>>>>>

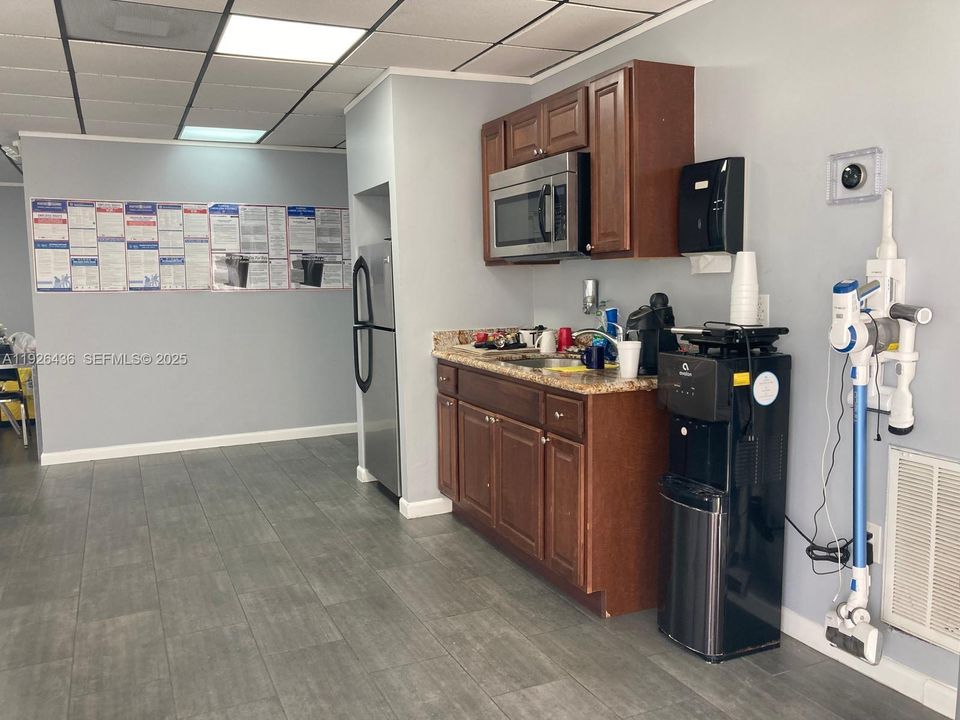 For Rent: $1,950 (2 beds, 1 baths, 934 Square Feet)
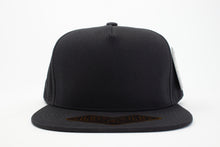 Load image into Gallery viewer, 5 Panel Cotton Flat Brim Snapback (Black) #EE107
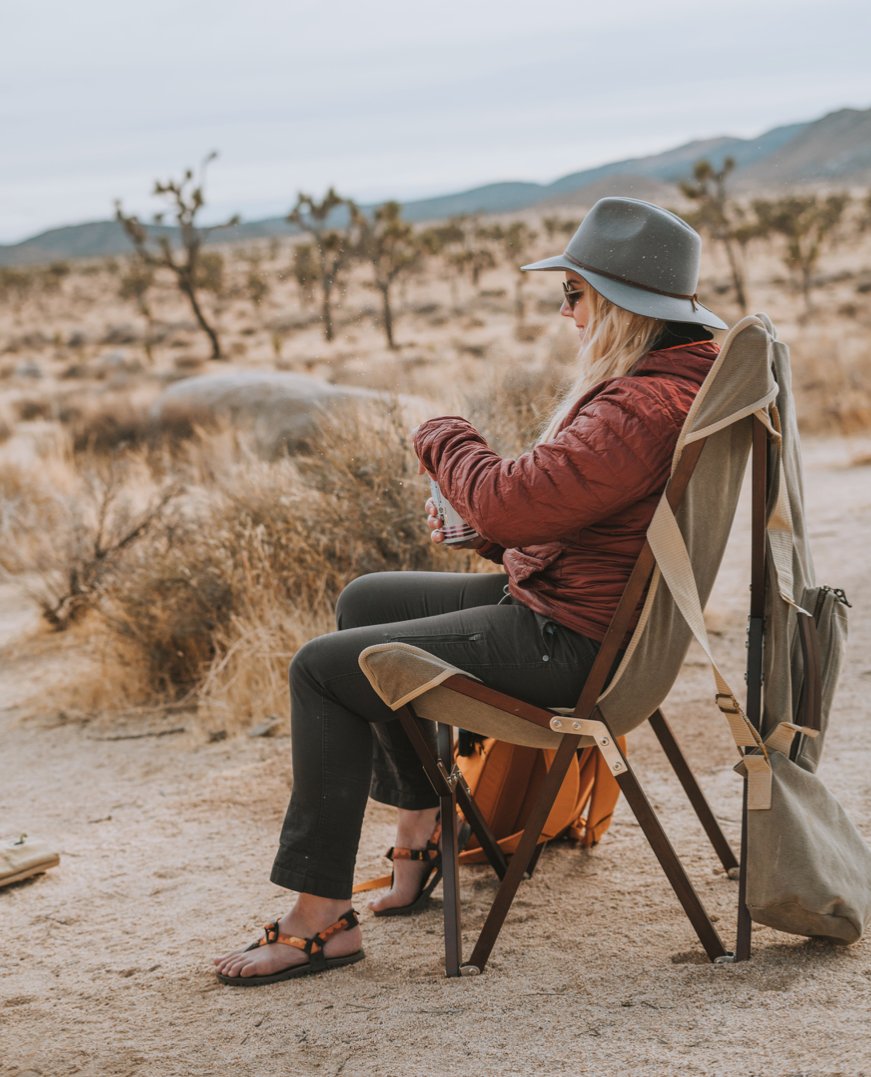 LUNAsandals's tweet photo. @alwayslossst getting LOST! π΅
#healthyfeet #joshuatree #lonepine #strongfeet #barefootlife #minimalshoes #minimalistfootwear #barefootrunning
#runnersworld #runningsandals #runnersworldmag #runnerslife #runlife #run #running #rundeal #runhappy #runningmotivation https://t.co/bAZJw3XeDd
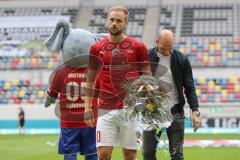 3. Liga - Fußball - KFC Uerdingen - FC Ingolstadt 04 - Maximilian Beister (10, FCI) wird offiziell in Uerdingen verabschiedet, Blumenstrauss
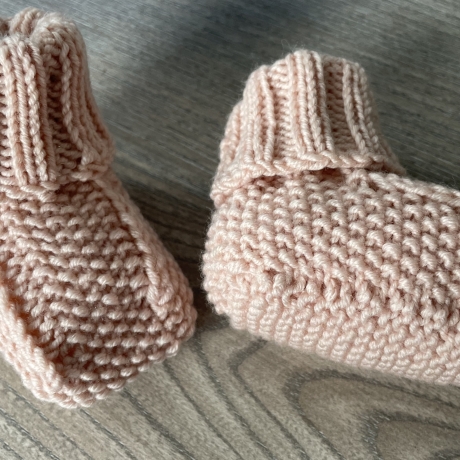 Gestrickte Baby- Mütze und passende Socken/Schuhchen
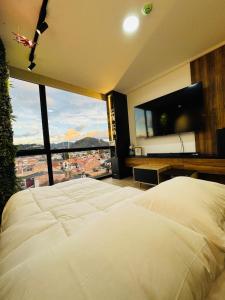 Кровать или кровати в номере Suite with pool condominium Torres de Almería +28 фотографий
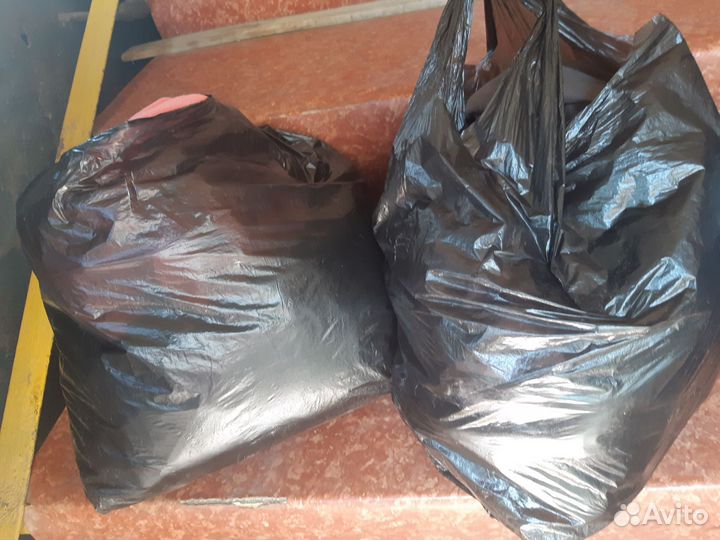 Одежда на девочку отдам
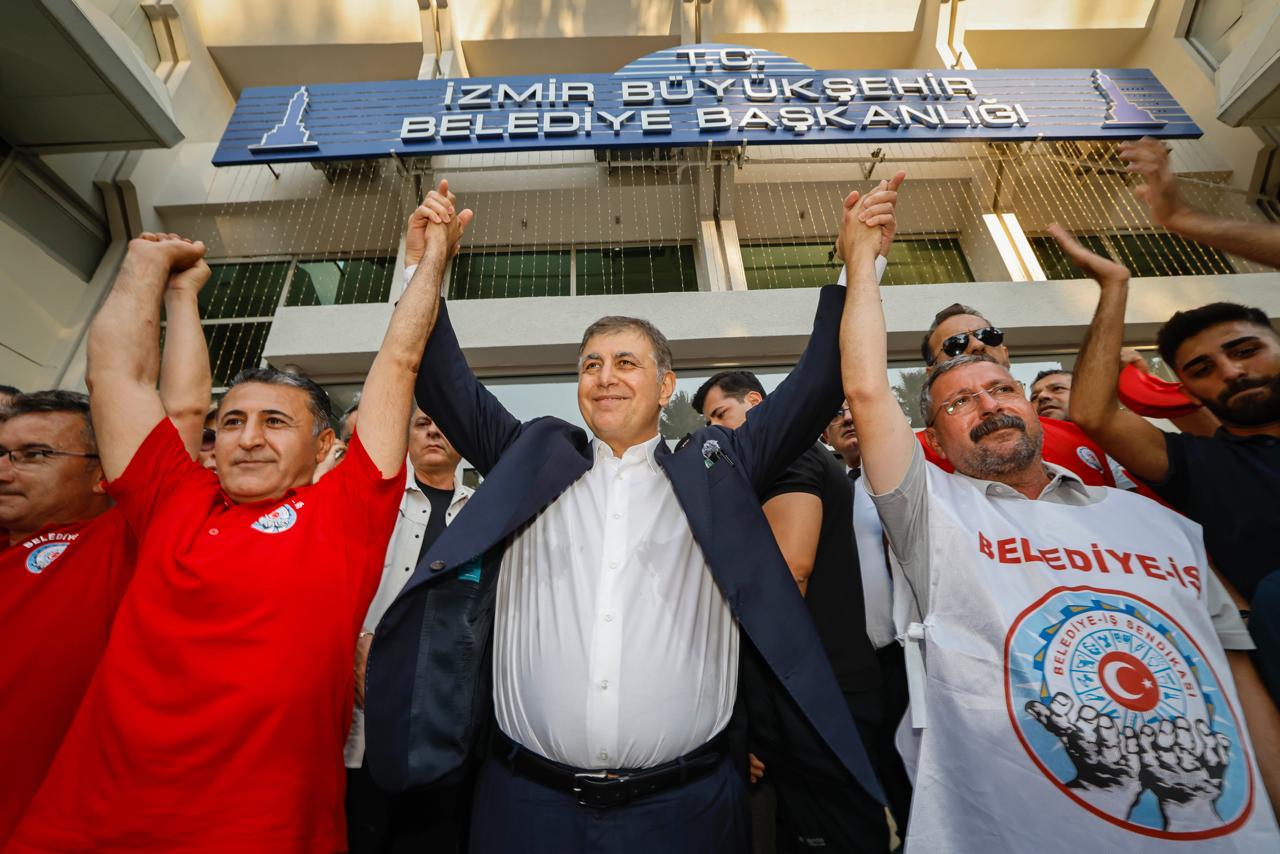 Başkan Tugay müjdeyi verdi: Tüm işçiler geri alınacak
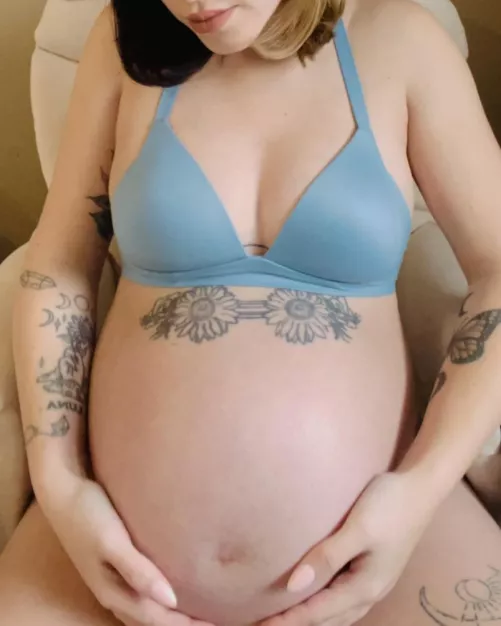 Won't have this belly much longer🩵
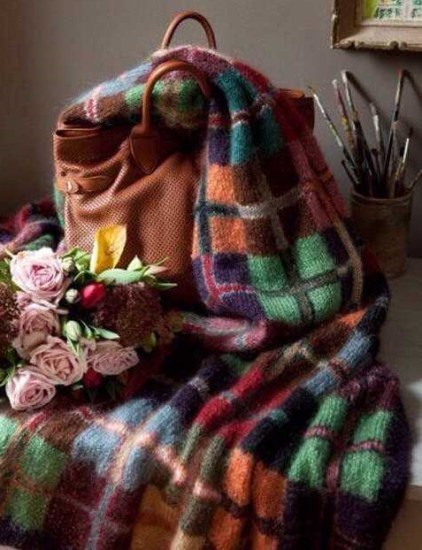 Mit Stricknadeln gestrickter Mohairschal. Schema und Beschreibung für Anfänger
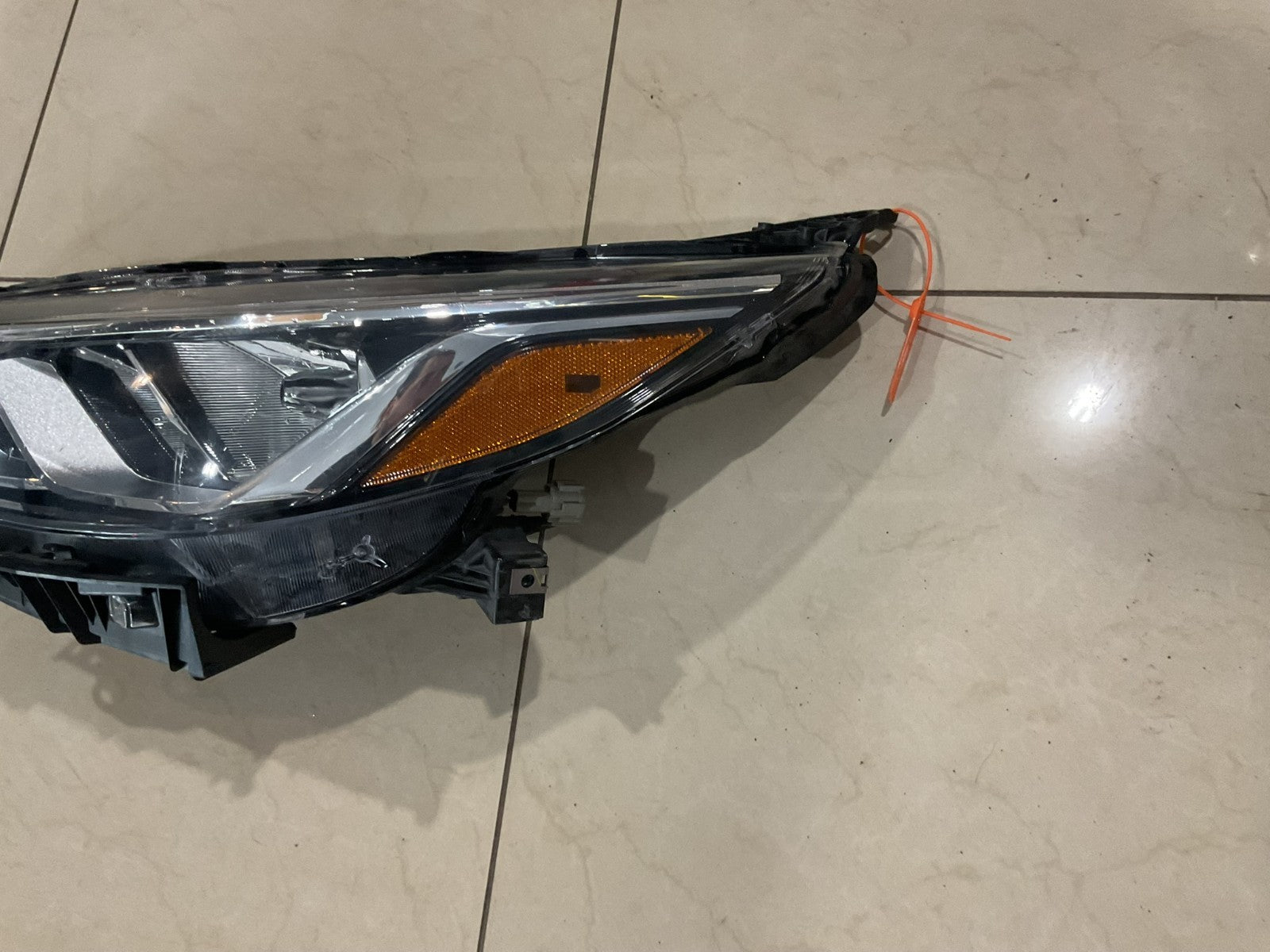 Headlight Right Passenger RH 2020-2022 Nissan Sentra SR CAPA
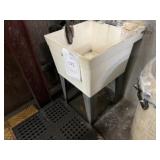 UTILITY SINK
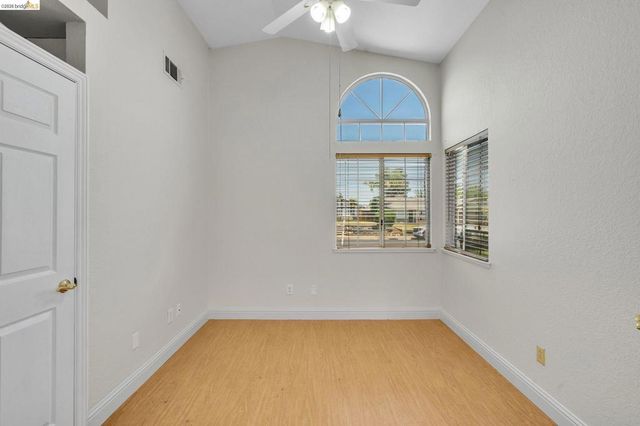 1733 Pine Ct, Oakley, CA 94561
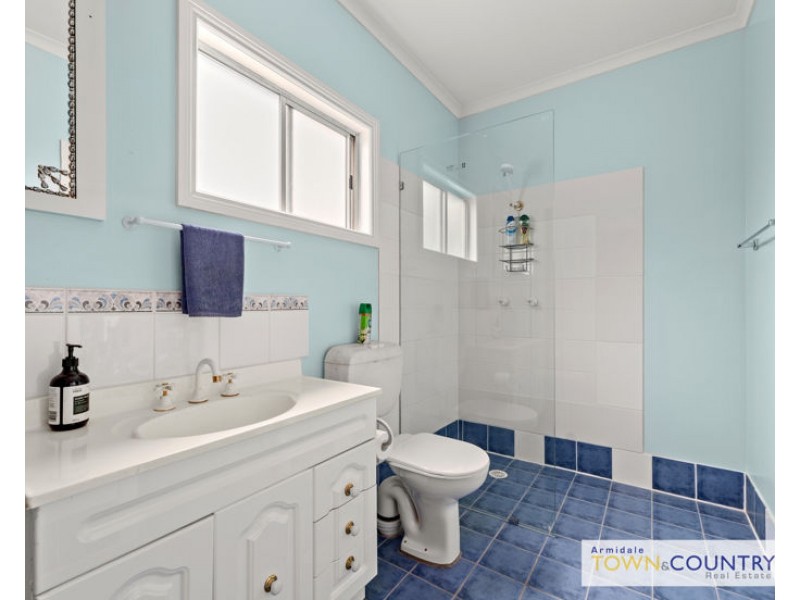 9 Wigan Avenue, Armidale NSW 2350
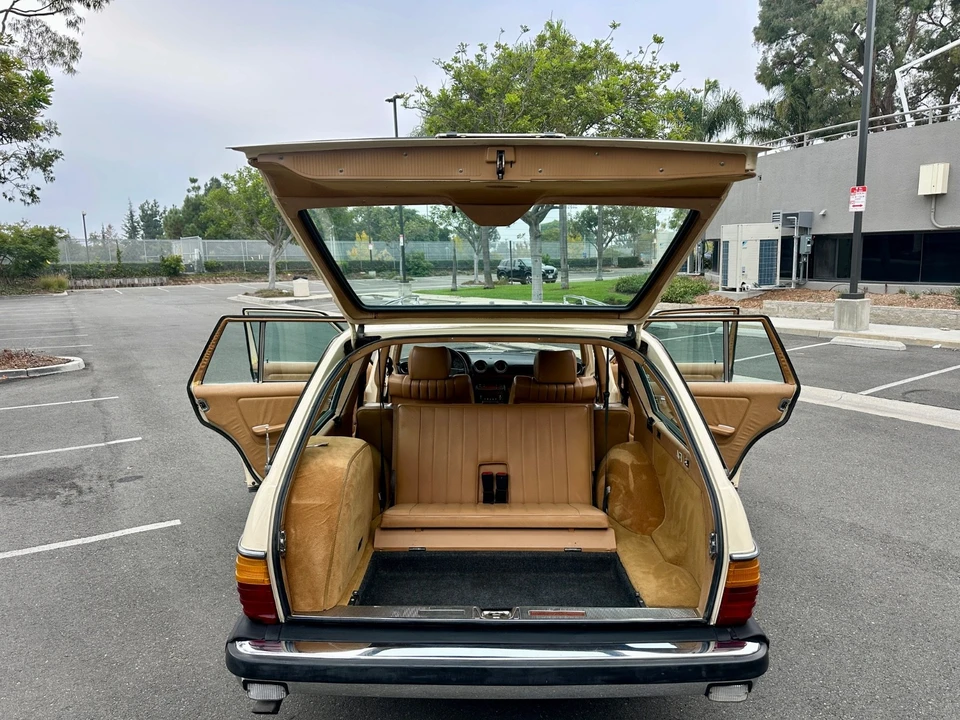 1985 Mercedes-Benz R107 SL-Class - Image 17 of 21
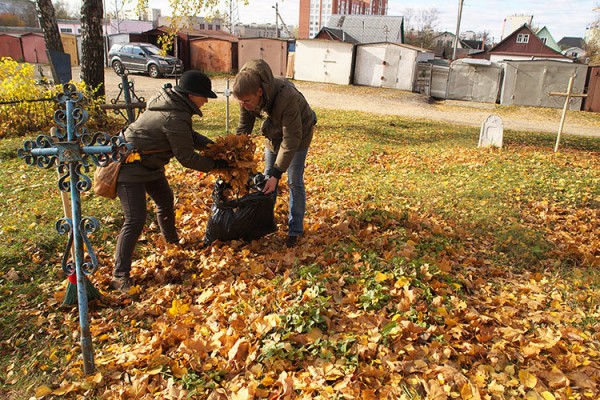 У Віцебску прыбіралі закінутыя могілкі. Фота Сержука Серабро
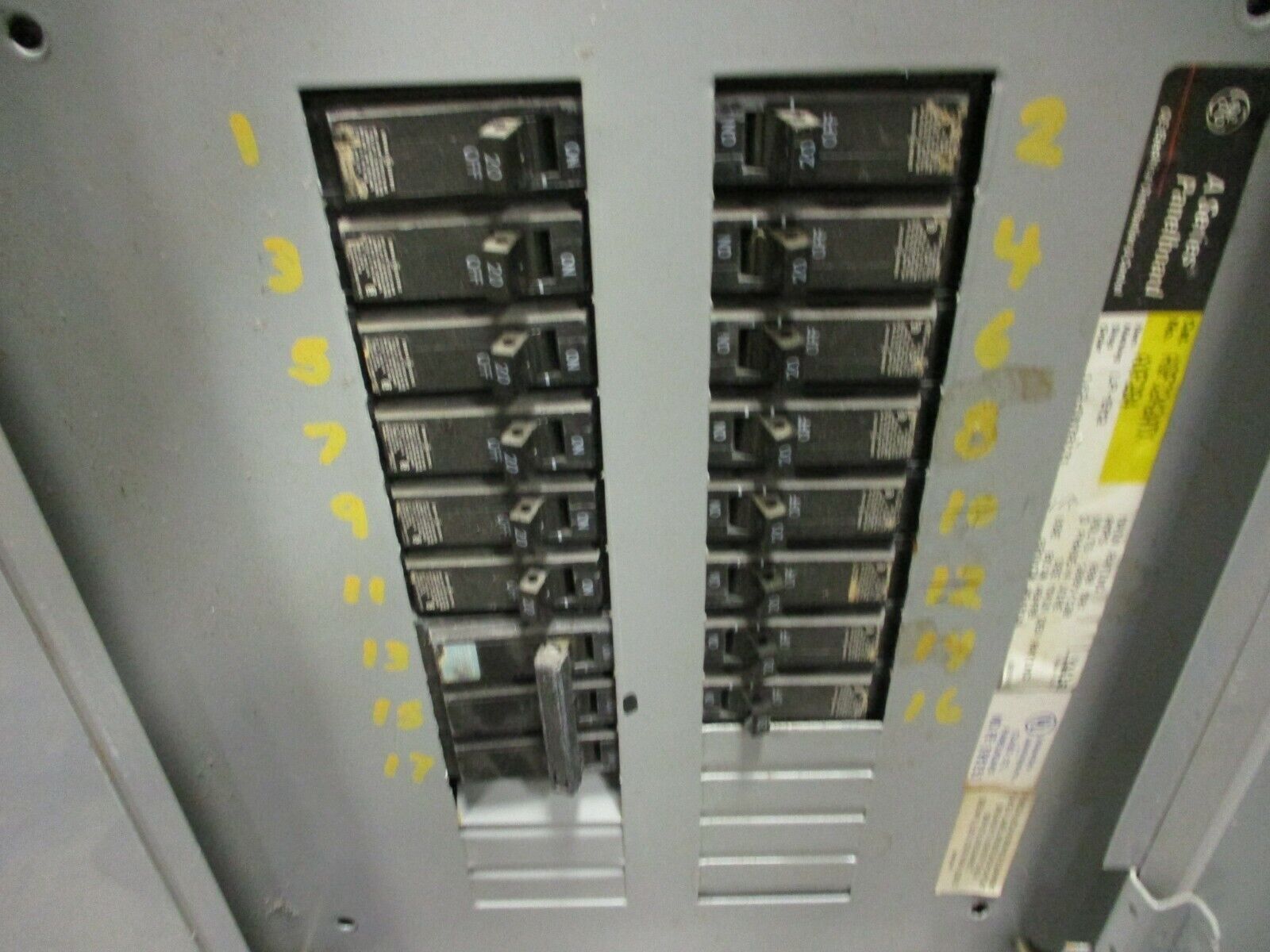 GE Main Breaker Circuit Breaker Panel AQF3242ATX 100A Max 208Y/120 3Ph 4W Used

<<<<<

## INSTRUCTIONS TO FOLLOW
Your copy must match the records above exactly, apart from the pictures, which are excluded.

## REPLY
 For Rent: $1,950 (2 beds, 1 baths, 934 Square Feet)
 Load image into Gallery viewer, 5 Panel Cotton Flat Brim Snapback (Black) #EE107
 LUNAsandals's tweet photo. @alwayslossst getting LOST! π΅
#healthyfeet #joshuatree #lonepine #strongfeet #barefootlife #minimalshoes #minimalistfootwear #barefootrunning
#runnersworld #runningsandals #runnersworldmag #runnerslife #runlife #run #running #rundeal #runhappy #runningmotivation https://t.co/bAZJw3XeDd
 3. Liga - Fußball - KFC Uerdingen - FC Ingolstadt 04 - Maximilian Beister (10, FCI) wird offiziell in Uerdingen verabschiedet, Blumenstrauss
 Gestrickte Baby- Mütze und passende Socken/Schuhchen
 Кровать или кровати в номере Suite with pool condominium Torres de Almería +28 фотографий
 Одежда на девочку отдам
 Başkan Tugay müjdeyi verdi: Tüm işçiler geri alınacak
 Won't have this belly much longer🩵
 Mit Stricknadeln gestrickter Mohairschal. Schema und Beschreibung für Anfänger
 Headlight Right Passenger RH 2020-2022 Nissan Sentra SR CAPA
 UTILITY SINK
 1733 Pine Ct, Oakley, CA 94561
 9 Wigan Avenue, Armidale NSW 2350
 1985 Mercedes-Benz R107 SL-Class - Image 17 of 21
 У Віцебску прыбіралі закінутыя могілкі. Фота Сержука Серабро
 GE Main Breaker Circuit Breaker Panel AQF3242ATX 100A Max 208Y/120 3Ph 4W Used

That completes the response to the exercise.